Так как икона отстала и, кроме того, мы шли ближайшим проселком, то до встречи у нас было еще много времени. В конце «порядка» мы нашли не занятую еще избу и спросили самовар. Андрей Иванович, впрочем, исполняя обычай, прежде отправился в баню, а я, утолив жажду, растянулся в задней избе на рогожке, и мгновенно меня охватил тяжелый сон сильной усталости. До меня долетал поднявшийся навстречу иконе трезвон, я видел Андрея Ивановича, чисто вымытого и с красным лицом, слышал, что он обращался ко мне со словами укоризны, обвиняя в малодушии.

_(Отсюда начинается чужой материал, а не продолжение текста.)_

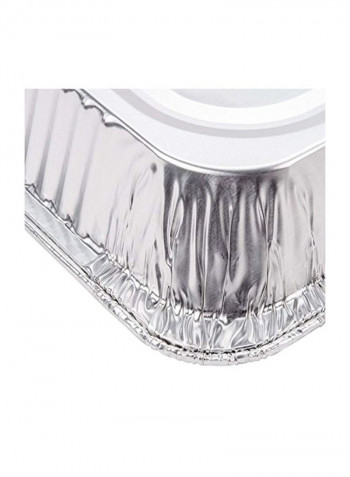 50-Piece Aluminum Steam Table Pan Silver 20.75x12.81x2.18inch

Хозяйка, стоявшая тут же, уговаривала оставить меня в покое.

— Ну, нет, никак нельзя, — волновался мой спутник. — Эстолько места прошел, неужто теперича и владычицу ив встретить?.. Не трог, я его подыму!

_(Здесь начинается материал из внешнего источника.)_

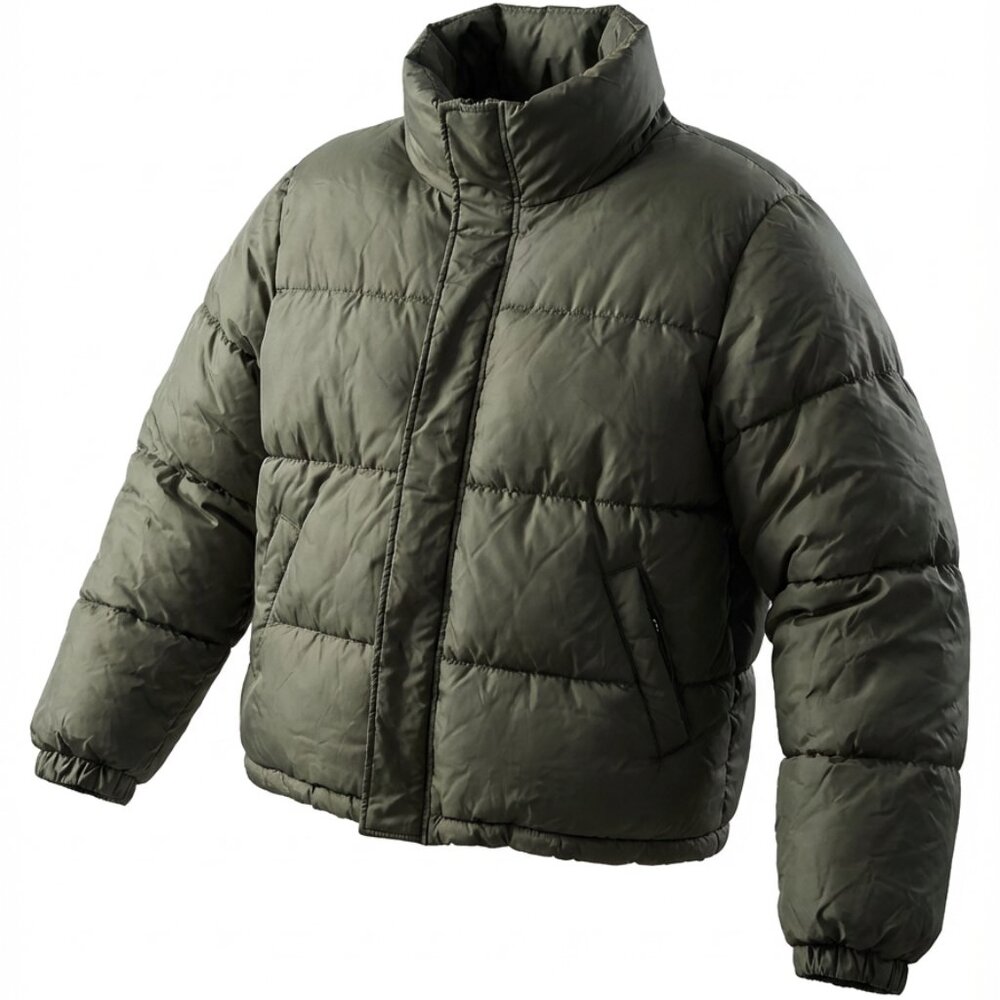 The Drop Olive Puffer Jacket Size Medium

И он непременно поднял бы меня каким-нибудь более или менее жестоким способом, если бы в это время трезвон, клирное пение, гул и топот толпы не показали ему, что со мной он рискует не встретить икону и сам. Он бросил мою руку и ринулся из избы. В моих ушах еще некоторое время укоризненно звенели монастырские колокола, потом звон стал тише, и я услышал только ровный шум славного летнего дождя, ударявшего в легкую деревенскую постройку. Наконец несколько капель, упавших мне прямо в лицо с протекавшего потолка, разогнали мою тяжелую дремоту…

Дождь прошел. Солнце густыми золотыми лучами заглядывало в мои окна. Кругом было тихо, и мне казалось, что между трудным путем, дракой Андрея Ивановича на дороге, между всеми происшествиями этого дня и теперешнею минутой легли целые сутки. Не без усилия натянувши сапоги на натруженные ноги, я вышел.

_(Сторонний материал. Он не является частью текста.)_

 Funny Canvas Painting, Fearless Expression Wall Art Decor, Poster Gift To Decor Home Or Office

На нашем «порядке» было тихо и спокойно. Кое-где устало слонялись богомольцы, бабы сидели на завалинках, в открытые окна виднелись компании за самоварами. Большинство отдыхали или были в церкви, так как всенощная еще не отошла. За оврагом, на другом «порядке», движения было больше. Здесь раскинулись палатки и навесы деревенской ярмарки. Напуганные дождем, торговцы и торговки теперь раскрывали опять свои несколько промокшие товары. Тут были калачницы с белым хлебом, квасницы с грушевым квасом, по копейке кружка, бакалейщики с пряниками. Нищие старушки проходили по рядам, подставляя кружки Христа ради. В кабаке было шумно; на площади кучи народа встречались, беседовали, сходились и расходились. Белые рубахи-шушпаны мордовок то и дело мелькали среди русских ситцев и кумачей.

Сквозь открытые монастырские ворота мне была видна паперть церкви с густою толпой народа. Вечерние тени сгущались вокруг монастыря на лесной полянке, очертания предметов в сыром воздухе смягчались, огни предыконных свечей мелькали в глубине храма, и пение долетало по временам мягкими волнами звуков, примешиваясь к шуму деревенского торга.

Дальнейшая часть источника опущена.